- _Problem to solve_:
Reproduce exactly the lines from the one containing "REBORRN | Urban" through the last line of the data, both ends included.

Information shown START

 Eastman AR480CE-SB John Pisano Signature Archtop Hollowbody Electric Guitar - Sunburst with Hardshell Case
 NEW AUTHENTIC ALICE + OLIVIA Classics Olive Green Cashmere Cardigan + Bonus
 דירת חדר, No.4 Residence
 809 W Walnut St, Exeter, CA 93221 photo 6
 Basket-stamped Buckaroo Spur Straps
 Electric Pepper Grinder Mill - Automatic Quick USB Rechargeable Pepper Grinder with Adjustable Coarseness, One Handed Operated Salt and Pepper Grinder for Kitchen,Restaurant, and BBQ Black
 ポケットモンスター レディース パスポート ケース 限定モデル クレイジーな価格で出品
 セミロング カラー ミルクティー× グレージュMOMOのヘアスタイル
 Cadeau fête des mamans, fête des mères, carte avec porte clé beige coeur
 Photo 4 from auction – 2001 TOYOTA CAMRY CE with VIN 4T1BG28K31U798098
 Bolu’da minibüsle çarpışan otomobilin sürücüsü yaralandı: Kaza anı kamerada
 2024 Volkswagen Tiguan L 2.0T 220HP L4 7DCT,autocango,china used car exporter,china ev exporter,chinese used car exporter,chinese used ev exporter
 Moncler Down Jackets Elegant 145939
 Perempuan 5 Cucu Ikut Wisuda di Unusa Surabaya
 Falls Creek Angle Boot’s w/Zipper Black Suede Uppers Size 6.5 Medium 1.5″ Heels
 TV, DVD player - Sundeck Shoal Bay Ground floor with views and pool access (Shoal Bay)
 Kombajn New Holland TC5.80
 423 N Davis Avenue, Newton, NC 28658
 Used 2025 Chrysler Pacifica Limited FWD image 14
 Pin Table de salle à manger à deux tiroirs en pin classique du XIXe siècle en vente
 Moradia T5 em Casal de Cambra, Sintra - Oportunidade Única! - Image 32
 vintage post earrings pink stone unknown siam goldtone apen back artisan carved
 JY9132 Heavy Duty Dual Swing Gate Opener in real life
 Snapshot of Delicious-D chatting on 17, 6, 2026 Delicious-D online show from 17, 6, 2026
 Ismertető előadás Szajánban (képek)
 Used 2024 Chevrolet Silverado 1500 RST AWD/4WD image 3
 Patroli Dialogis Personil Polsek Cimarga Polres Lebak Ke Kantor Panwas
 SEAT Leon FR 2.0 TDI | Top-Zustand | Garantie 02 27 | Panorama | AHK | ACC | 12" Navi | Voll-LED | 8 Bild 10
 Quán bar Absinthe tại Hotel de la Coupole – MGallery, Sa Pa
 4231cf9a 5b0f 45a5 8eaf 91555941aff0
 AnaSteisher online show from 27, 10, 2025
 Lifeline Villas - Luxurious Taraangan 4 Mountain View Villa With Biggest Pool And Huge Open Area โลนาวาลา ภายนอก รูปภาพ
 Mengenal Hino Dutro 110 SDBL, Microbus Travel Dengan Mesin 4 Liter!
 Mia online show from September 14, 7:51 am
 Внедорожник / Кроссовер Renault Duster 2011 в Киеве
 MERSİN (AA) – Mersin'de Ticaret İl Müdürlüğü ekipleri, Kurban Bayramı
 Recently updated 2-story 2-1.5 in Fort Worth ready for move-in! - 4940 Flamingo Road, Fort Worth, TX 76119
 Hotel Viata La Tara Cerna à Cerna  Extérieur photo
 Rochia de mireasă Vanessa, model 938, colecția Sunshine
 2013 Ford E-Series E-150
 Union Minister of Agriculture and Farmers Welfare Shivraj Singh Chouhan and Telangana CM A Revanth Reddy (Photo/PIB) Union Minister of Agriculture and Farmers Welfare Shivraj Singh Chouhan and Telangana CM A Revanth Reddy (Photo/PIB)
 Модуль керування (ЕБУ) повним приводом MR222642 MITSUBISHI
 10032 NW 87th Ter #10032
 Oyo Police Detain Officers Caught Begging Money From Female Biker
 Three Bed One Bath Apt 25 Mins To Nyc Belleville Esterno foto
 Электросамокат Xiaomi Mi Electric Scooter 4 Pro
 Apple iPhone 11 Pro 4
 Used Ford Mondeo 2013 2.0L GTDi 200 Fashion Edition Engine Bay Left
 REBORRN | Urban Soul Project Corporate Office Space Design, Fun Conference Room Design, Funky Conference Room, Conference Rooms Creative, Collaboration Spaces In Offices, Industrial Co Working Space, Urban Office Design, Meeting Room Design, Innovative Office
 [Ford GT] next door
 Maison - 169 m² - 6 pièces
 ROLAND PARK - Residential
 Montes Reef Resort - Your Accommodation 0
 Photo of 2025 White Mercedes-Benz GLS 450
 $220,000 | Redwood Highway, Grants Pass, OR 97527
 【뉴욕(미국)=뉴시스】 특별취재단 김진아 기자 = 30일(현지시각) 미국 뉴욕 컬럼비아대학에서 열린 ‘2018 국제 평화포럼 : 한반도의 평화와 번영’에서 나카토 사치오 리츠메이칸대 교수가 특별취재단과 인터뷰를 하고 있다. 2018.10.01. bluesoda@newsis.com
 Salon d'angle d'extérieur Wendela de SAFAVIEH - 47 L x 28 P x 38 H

Information shown END

- _Expected answer_:
 REBORRN | Urban Soul Project Corporate Office Space Design, Fun Conference Room Design, Funky Conference Room, Conference Rooms Creative, Collaboration Spaces In Offices, Industrial Co Working Space, Urban Office Design, Meeting Room Design, Innovative Office
 [Ford GT] next door
 Maison - 169 m² - 6 pièces
 ROLAND PARK - Residential
 Montes Reef Resort - Your Accommodation 0
 Photo of 2025 White Mercedes-Benz GLS 450
 $220,000 | Redwood Highway, Grants Pass, OR 97527
 【뉴욕(미국)=뉴시스】 특별취재단 김진아 기자 = 30일(현지시각) 미국 뉴욕 컬럼비아대학에서 열린 ‘2018 국제 평화포럼 : 한반도의 평화와 번영’에서 나카토 사치오 리츠메이칸대 교수가 특별취재단과 인터뷰를 하고 있다. 2018.10.01. bluesoda@newsis.com
 Salon d'angle d'extérieur Wendela de SAFAVIEH - 47 L x 28 P x 38 H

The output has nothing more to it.